Page 1 of 1

How to get information about layout of paragraph

PostPosted: Sun Apr 15, 2012 9:58 pm
by georgezeng
I am working on manipulating a .docx file and build it into a jasperreport template file.
I need to set the same layout in the jasper file, but a first barrier comes when a paragraph lies more than one text line in word,
I have no idea how to get the information of this, does any one knows about it? I'll be appreciated!

Re: How to get information about layout of paragraph

PostPosted: Mon Apr 16, 2012 10:02 am
by jason
docx4j does not have a layout model.

A layout model would be a useful thing to add for applications such as yours, and also for calculating page numbers (eg refreshing TOC).

Layout of a paragraph would be straightforward enough. A complete model (columns, images, tables, footnotes etc) would be a significant undertaking.

To layout a paragraph, you need to know how much horizontal space you have (page width - margins - indentation), and font information (size, kerning etc).

(Ideally, we'd replicate Word's precise algorithm, but a starting point (Google 'line break algorithm') is http://en.wikipedia.org/wiki/Word_wrap and http://stackoverflow.com/questions/1758 ... -algorithm )

To find how much vertical space it will take, you need line spacing, plus space before/after.

docx4j can tell you all that stuff. If you'd like to contribute a basic model, I'd be happy to write the basic code which gets this information for you. You'd then have to fill in the details (ie the calculations based on this information).

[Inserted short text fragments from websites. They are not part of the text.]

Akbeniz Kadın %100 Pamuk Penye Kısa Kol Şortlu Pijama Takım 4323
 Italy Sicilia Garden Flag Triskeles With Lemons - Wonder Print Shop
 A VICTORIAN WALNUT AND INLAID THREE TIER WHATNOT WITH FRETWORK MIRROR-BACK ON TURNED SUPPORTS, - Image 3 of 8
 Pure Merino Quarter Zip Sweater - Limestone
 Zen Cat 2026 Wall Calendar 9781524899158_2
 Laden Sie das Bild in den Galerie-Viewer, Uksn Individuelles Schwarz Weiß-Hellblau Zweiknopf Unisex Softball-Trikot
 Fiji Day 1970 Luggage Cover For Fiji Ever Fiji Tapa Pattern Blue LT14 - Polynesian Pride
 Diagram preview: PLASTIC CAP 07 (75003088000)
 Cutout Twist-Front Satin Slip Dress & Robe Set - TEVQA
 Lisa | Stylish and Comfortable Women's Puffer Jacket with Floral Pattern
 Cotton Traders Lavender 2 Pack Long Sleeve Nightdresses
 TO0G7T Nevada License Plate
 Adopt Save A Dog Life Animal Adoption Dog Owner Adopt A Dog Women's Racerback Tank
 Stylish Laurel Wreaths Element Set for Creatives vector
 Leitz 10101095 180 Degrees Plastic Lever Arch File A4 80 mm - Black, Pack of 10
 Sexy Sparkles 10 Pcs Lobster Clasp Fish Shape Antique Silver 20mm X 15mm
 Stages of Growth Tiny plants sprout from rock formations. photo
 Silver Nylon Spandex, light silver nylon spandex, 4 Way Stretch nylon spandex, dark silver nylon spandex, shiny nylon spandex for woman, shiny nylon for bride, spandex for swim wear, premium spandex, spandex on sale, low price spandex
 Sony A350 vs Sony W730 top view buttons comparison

There are quite a few projects around which you can look at to see how layout is done, for example pango (see http://fishsoup.net/bib/PangoIuc25-paper.pdf ), Flying saucer xhtmlrenderer (which lays out XHTML, and is used by docx4j for XHTML import), FOP (which lays out XSL FO - see http://wiki.apache.org/xmlgraphics-fop/KnuthsModel ), AWT, but I don't know of a reference book which explains the principles. To start off, have a read of http://behdad.org/text/

I don't mean to scare you off ... sounds like just a simple line break / word-wrap algorithm is what you are after, rather than a full blown page layout model. In any case, a simple line break / word-wrap algorithm is a good place to start.